• [Directions]: Please restate every entry exactly. Leave out the pictures.

• [Information provided]:
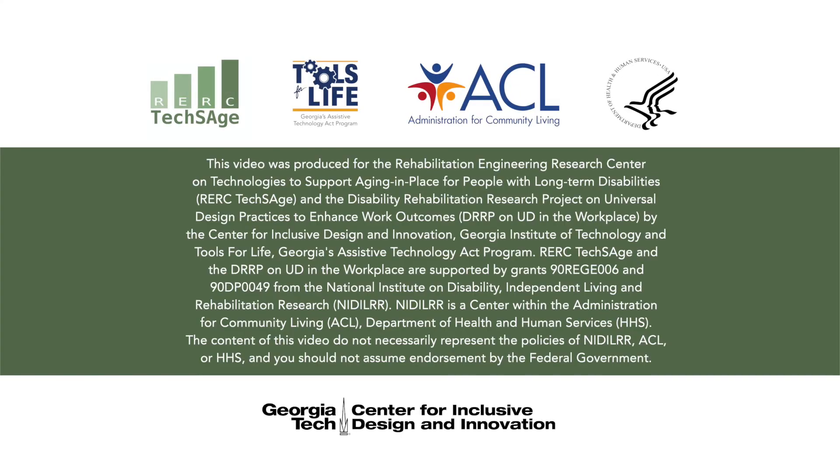This video was produced for the Rehabilitation Engineering Research Center on Technologies to Support Aging in Place for People with Long-Term Disabilities (RERC TechSage), and the Disability Rehabilitation Research Project on Universal Design Practices to Enhance Work Outcomes (DRRP on UD in the Workplace) by the Center for Inclusive Design and Innovation, Georgia Institute of Technology, and Tools for Life, Georgia's Assistive Technology Act Program.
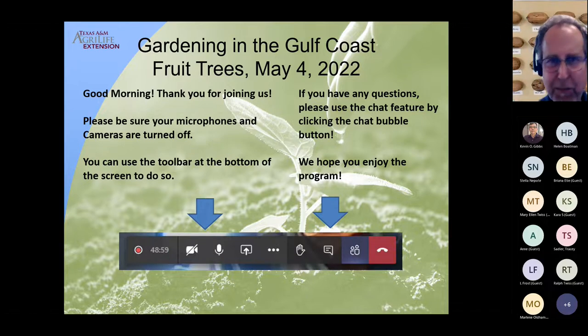Good morning, friends. Welcome to this episode of Gardening in the Gulf Coast. We're so happy to be bringing this program to you every month. Next month we'll be continuing the program on June the 6th — it'll be a Wednesday. We'll continue on the program with TREED, with another opportunity for our horticulture agents and colleagues to get together, provide a roundtable, and answer any questions you might have.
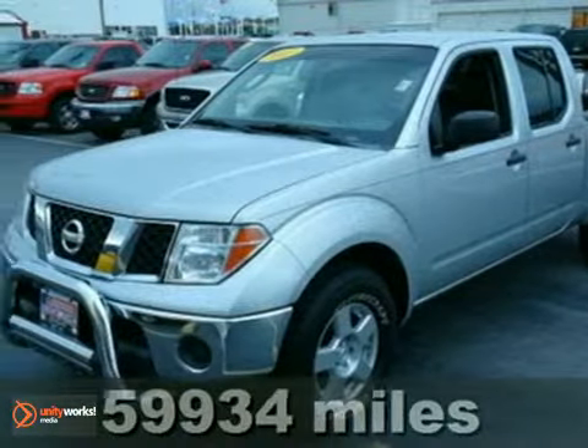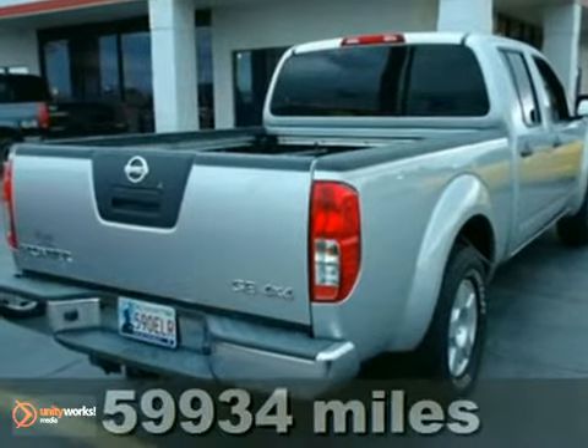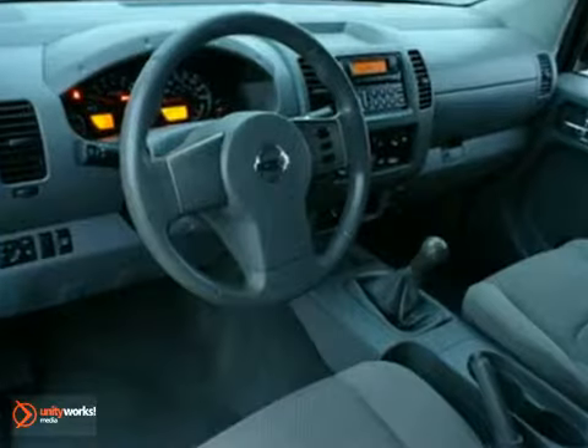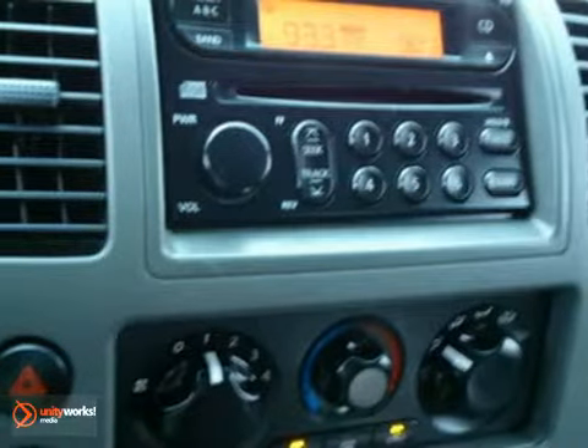Here's a 2007 Nissan Frontier. Standard safety features include driver and passenger front airbags, front seat whiplash protection, child seat anchors, and four-wheel anti-lock brakes. In side impact crash tests, the '07 Frontier receives a perfect five stars.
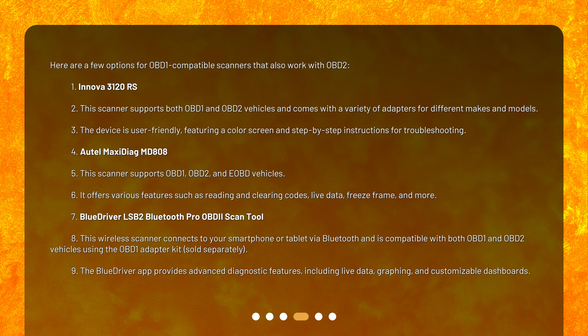The BlueDriver app provides advanced diagnostic features, including live data and graphing, and customizable dashboards.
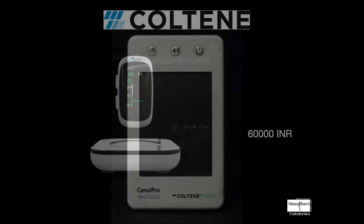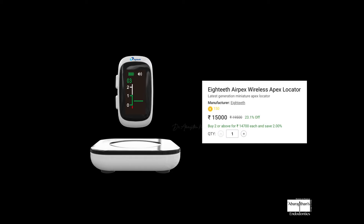The second apex locator is the Canal Pro. The third one is the 18th, which is my own personal apex locator that has been in my practice for the last three years. I liked it because it is very compact, has a wireless charging option, and the current price of this model is fifteen thousand rupees.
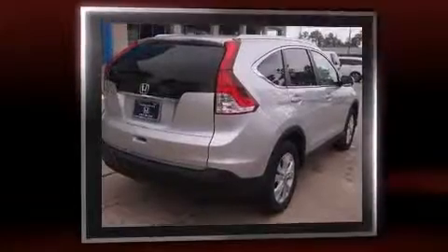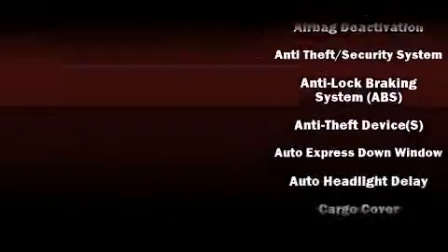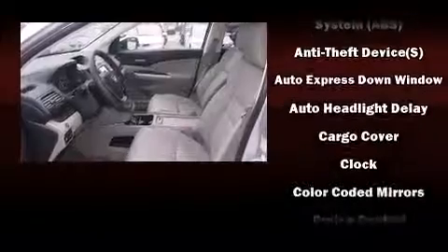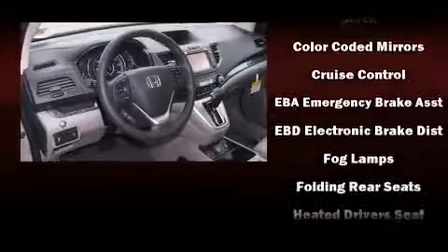A wealth of standard features means that you no longer have to sacrifice. Such as remote keyless entry, leather upholstery, a trip computer, an outside temperature display, heated seats, and the power moonroof opens up the cabin to the natural environment.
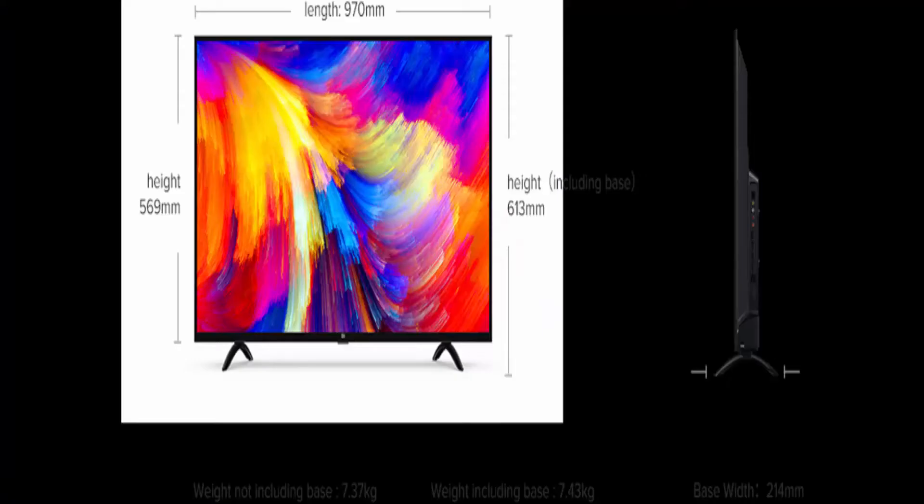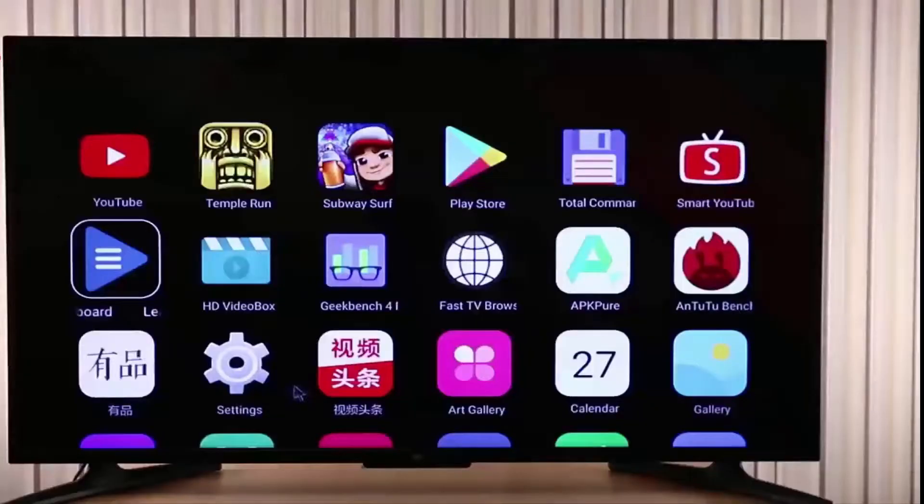It comes in 4GB or 6GB of RAM with 64GB of storage and a 4000mAh battery. The device has a 20-megapixel selfie shooter and a 12-megapixel plus 5-megapixel dual rear camera arranged vertically. The 4GB RAM model costs around ₹13,999 and the 6GB variant costs ₹16,999.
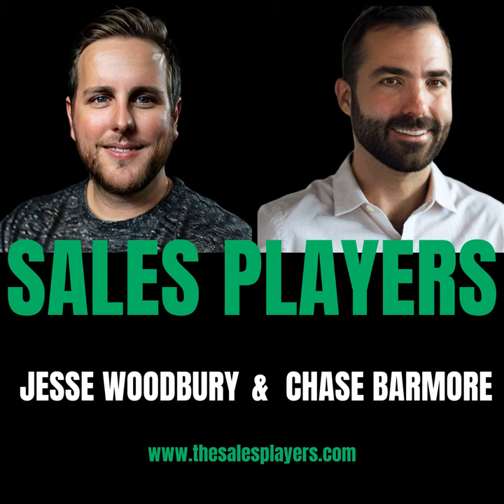The team at Surfe has put together a very special offer for fans of Sales Players. There's a link down in the show notes and you can use the promo code JWSURF5 — don't forget the E at the end of Surfe — for 5% off your first year. Don't spend another minute doing things manually. Go get set up with Surfe.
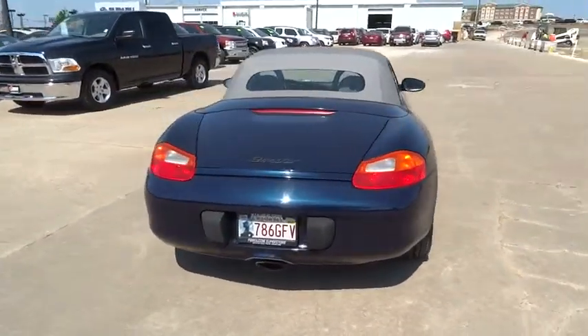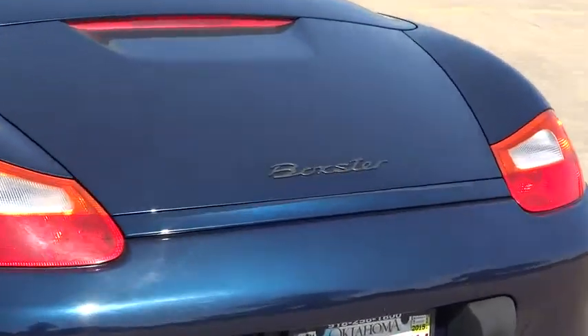This vehicle has less than 70,000 miles. Here are some of this vehicle's great options.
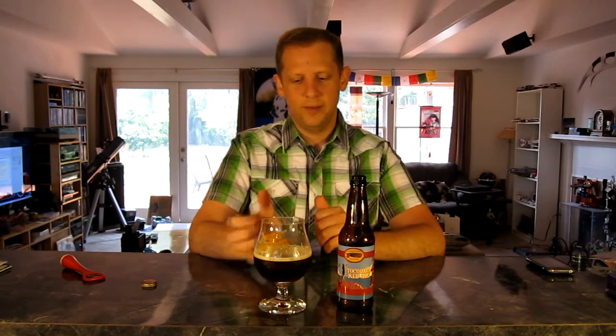It's sort of like a pineapple upside-down cake sort of flavor — very, very tasty. Sort of like caramelized sugar with the pineapple. Really, really good, flavorful beer. I'm really liking this.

• [Solved exercise]:
This video was produced for the Rehabilitation Engineering Research Center on Technologies to Support Aging in Place for People with Long-Term Disabilities (RERC TechSage), and the Disability Rehabilitation Research Project on Universal Design Practices to Enhance Work Outcomes (DRRP on UD in the Workplace) by the Center for Inclusive Design and Innovation, Georgia Institute of Technology, and Tools for Life, Georgia's Assistive Technology Act Program.
Good morning, friends. Welcome to this episode of Gardening in the Gulf Coast. We're so happy to be bringing this program to you every month. Next month we'll be continuing the program on June the 6th — it'll be a Wednesday. We'll continue on the program with TREED, with another opportunity for our horticulture agents and colleagues to get together, provide a roundtable, and answer any questions you might have.
Here's a 2007 Nissan Frontier. Standard safety features include driver and passenger front airbags, front seat whiplash protection, child seat anchors, and four-wheel anti-lock brakes. In side impact crash tests, the '07 Frontier receives a perfect five stars.
The BlueDriver app provides advanced diagnostic features, including live data and graphing, and customizable dashboards.
The second apex locator is the Canal Pro. The third one is the 18th, which is my own personal apex locator that has been in my practice for the last three years. I liked it because it is very compact, has a wireless charging option, and the current price of this model is fifteen thousand rupees.
A wealth of standard features means that you no longer have to sacrifice. Such as remote keyless entry, leather upholstery, a trip computer, an outside temperature display, heated seats, and the power moonroof opens up the cabin to the natural environment.
It comes in 4GB or 6GB of RAM with 64GB of storage and a 4000mAh battery. The device has a 20-megapixel selfie shooter and a 12-megapixel plus 5-megapixel dual rear camera arranged vertically. The 4GB RAM model costs around ₹13,999 and the 6GB variant costs ₹16,999.
The team at Surfe has put together a very special offer for fans of Sales Players. There's a link down in the show notes and you can use the promo code JWSURF5 — don't forget the E at the end of Surfe — for 5% off your first year. Don't spend another minute doing things manually. Go get set up with Surfe.
This vehicle has less than 70,000 miles. Here are some of this vehicle's great options.
It's sort of like a pineapple upside-down cake sort of flavor — very, very tasty. Sort of like caramelized sugar with the pineapple. Really, really good, flavorful beer. I'm really liking this.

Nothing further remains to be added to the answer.